Dioceses bordering Timor-Leste and the Indonesian government are collaborating to help Catholics attend the papal visit to the Catholic-majority Asian nation in September.
Indonesia's Kupang archdiocese and Atambua diocese in West Timor, which shares borders with Timor-Leste, have asked priests, nuns, and the faithful to register with them if they want to attend Pope Francis' visit to Timor-Leste.
Along with Church authorities in Timor-Leste, the dioceses have made arrangements with the immigration office to process travel documents.
Father Erminus Fkun, secretary of Kupang archdiocese, said Catholics should register themselves with their parishes which can be forwarded to the immigration office.
For the benefit of Catholics who live on small islands like Rote, Alor and Sabu, immigration officials will visit them to facilitate their trip to Timor-Leste, Fkun said.
He added that the archdiocese has made an arrangement with the bishops' council in Timor-Leste.
Yosef Hello, secretary of the Pastoral Center in Atambua diocese, said three districts of Belu, Malaka and North Central Timor under the diocese share borders with Timor-Leste.
The visitors must possess a minimum of US$100 in cash, Hello said and added that people who had "bloody hands" as a result of the Timor-Leste independence conflict in 1999 are unwelcome.
We have a special arrangement with the immigration office to facilitate the visit, he said.
Marciana Dominika Jone, regional head of the Ministry of Law in Christian-majority East Nusa Tenggara province, said the department wants to bring its "services closer to the community" to facilitate the trip to the neighboring nation.
She said Catholics need not go all the way to the immigration office located in the provincial capital Kupang.
"Data can be immediately submitted to us so that passport services can be quickly scheduled before Pope Francis arrives in Dili," the capital of Timor-Leste, she said.
Nanang Mustafa, head of the Kupang Immigration Office, said visitors can obtain passports within three days instead of the usual two-week time frame.
"We are optimizing all resources to help the community," he said.
Fransiskus Mone, 72, a Catholic from South Central Timor Regency in East Nusa Tenggara province, said he wants to attend the Mass celebrated by the pope in Dili.
"I have to go there because I want to meet the Pope. If not now, when?" he said.
Pope Francis will visit Timor-Leste from Sept. 9 for three days. He will celebrate a Mass on Sept. 10 in Tasitolu in Dili where St. Pope John Paul II held a Mass during his visit in 1987 when Timor-Leste was under Indonesian rule.
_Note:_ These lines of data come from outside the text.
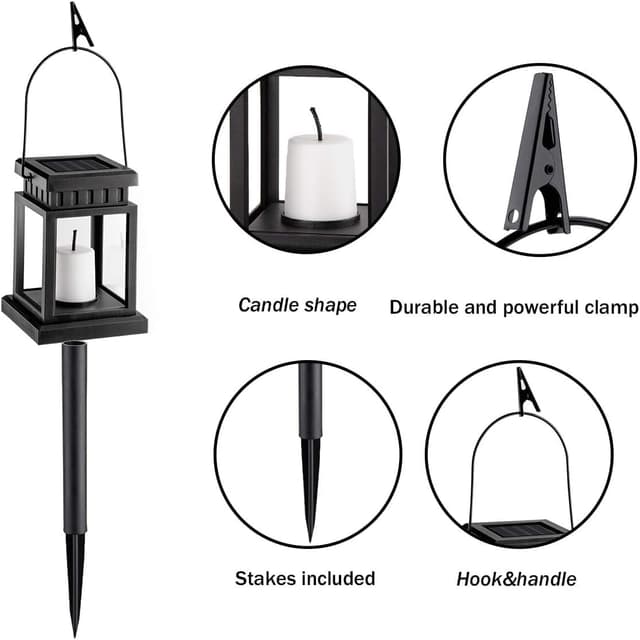 Thumbnail 4 de GIGALUMI Solar Hanging Lantern 8 Pack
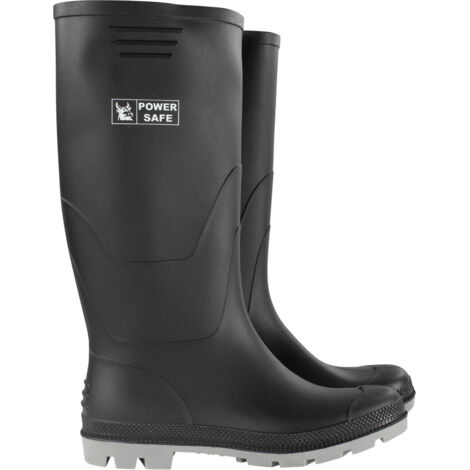 Power Safe PVC-Stiefel hoch schwarz-grau Arbeitskleidung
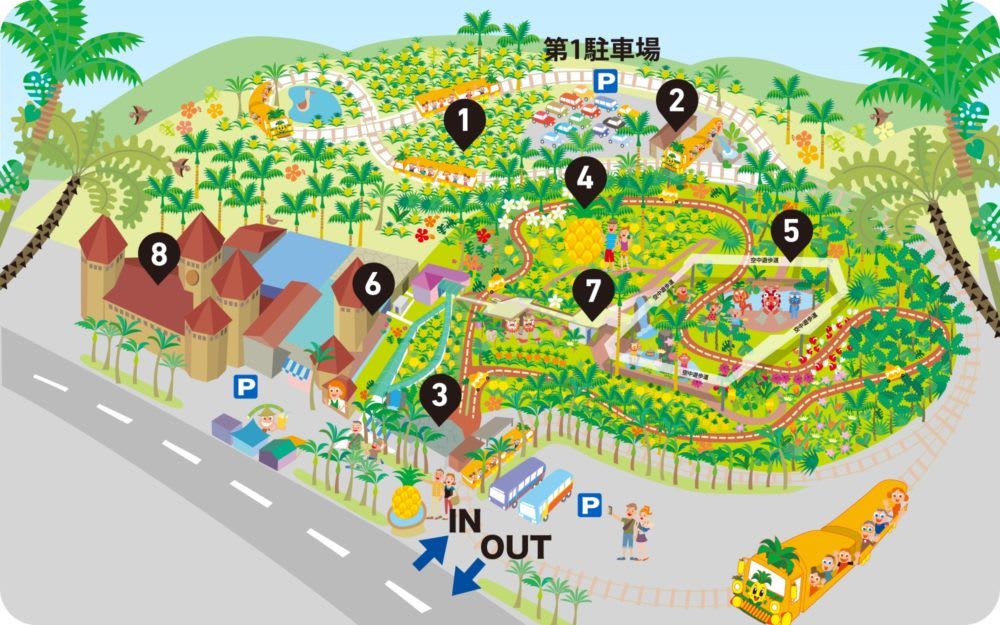 名護鳳梨公園地圖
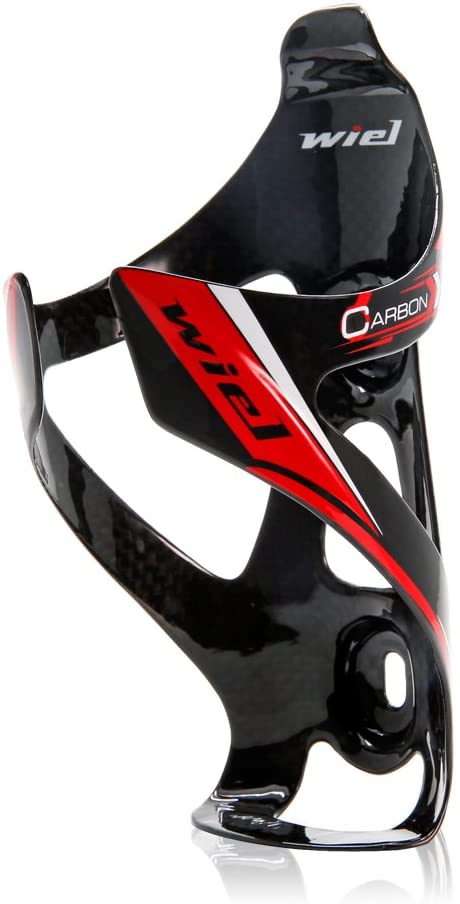 Wiel Full Carbon Fiber Bicycle Bike Light Drink Water Bottle Cage Holder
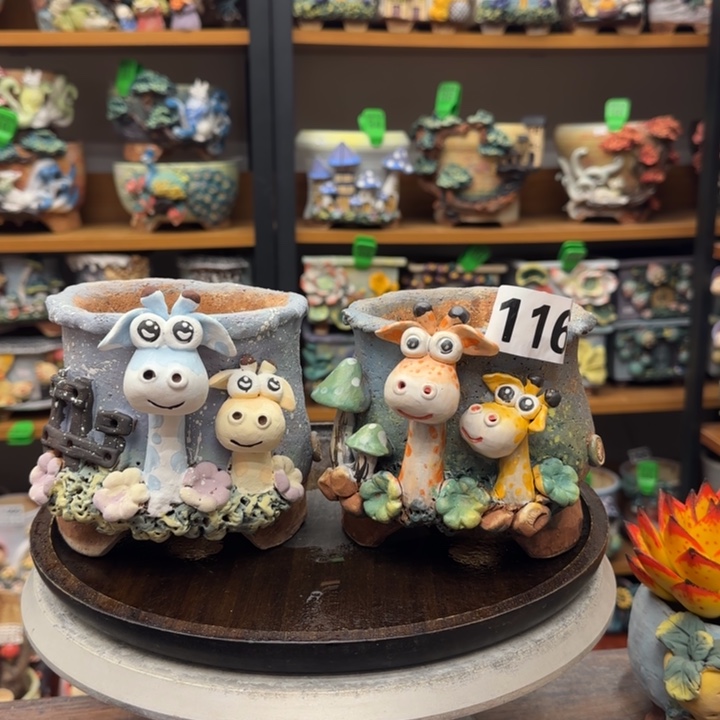 【闪购商品】陶瓷粗陶手捏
The Indonesian Catholic Bishops' Conference, meanwhile, has asked its dioceses to send representatives to attend the four-day papal visit to Indonesia from Sept. 3
"The exact number of visitors is being ascertained by a committee," Father Anthonius Gregorius Lalu, deputy coordinator for media relations of the papal visit committee, told UCA News.
Bishop Dominikus Saku of Atambua said his diocese wanted up to 80 representatives to visit Jakarta to attend the papal Mass at Gelora Bung Karno Stadium in Jakarta on Sept. 5, but no one came forward to register.
"People prefer to go to Timor-Leste," the prelate added.
Apart from Indonesia and Timor-Leste, the 87-year-old pope will visit Singapore and Papua New Guinea as part of his first trip this year. The 12-day Asia visit, starting Sept. 2, is the longest of his 11-year papacy.